Well, except one thing.
My children’s clothes. Oh, the clothes.
My kids are just-turned-six, just-turned-four, and the twins are 22-months. All boys. Yes, I said all. They are my loud, rambunctious, sweet, loving, nutty, dirty boys. And they’re growing so quickly that pants can fit one day and be high-waters the next. Shirts shrink and show off the twins round, toddler tummies. Lots of things get holes and stains. Meanwhile, here in New England we have to be prepared for it to be anywhere from negative 10 to 65 degrees in February, and then somewhere between 32 and 95 degrees in May. So here’s the categories of clothes we’ve got at our house:
- New hand-me-downs we aren’t yet ready for (thank you, dear sister and nephew who save us a bundle by passing things down to us)
- Matthew’s current clothes
- Clothes that are in-between Matthew’s and Stephen’s sizes
- Stephen’s current clothes
- Clothes that are in-between Stephen and the twins
- Twins current clothes
- Clothes the twins have outgrown which get sorted into sub-categories of donations, hand down to friends, and the occasional item worn by all my boys that I cannot part with (even us organizers get sentimental – these go into a memory bin)
This is all made more complicated by:
- Seasonal stuff
- Sizing variations (you all know that not all sizes are created equal among brands)
- The stuff Matthew has worn for so long it can go right to Stephen instead of being put away
- The fact that they’re all picky about different things (zippers, pockets, collars, different fabrics)
You can see why this is the one organizing task that can make my head spin.
But, it’s got to get done. So, here are a few tricks I’ve learned along the way to make it slightly less painful.
Take the too-small stuff out of rotation right away. Keep a bin, laundry basket or drawer in a convenient location to continually toss-in clothes that are too small. They can get sorted when it’s time to pack them away, but pulling stuff out of rotation regularly avoids having to search through crowded drawers every day to find what actually fits.

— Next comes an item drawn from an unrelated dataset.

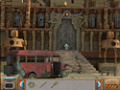 Free download Crossworlds: The Flying City screenshot 1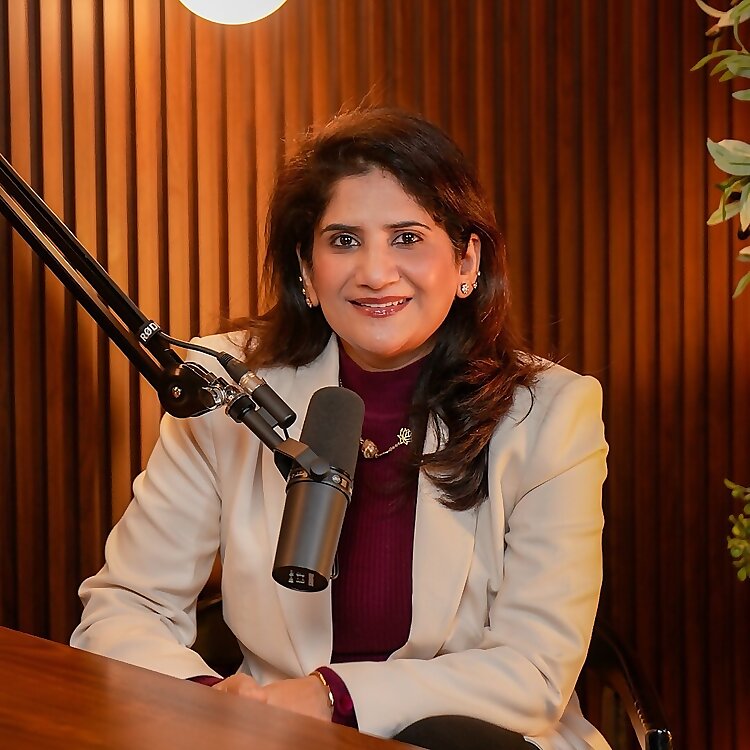 Dr Priyanka Mehta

Deal with one kid’s clothes at a time. If possible, avoid the mental overload of taking out all bins of clothes belonging to all kids and trying to do it all at once. Work with one kid’s bins/drawers at a time. Believe me, I’ve tried doing a massive overhaul and I succeed at little except creating a strong desire to get rid of everything they own and have them live in undershirts and sweatpants. Doing one kid at a time will help keep the stress low and the efficiency high. That’s the winning combo!
Label label label! As you pack stuff into bins, you may think you’ll remember what’s in each one. You won’t! Label the size range, season, and any extra notes (like Christmas PJs 2020, or 4th of July shirts for Summer 2021). If you don’t have a label maker, stick a piece of paper on the inside of a clear bin, facing out. Bonus points for labeling 2 sides of a bin so you can store the long or short way!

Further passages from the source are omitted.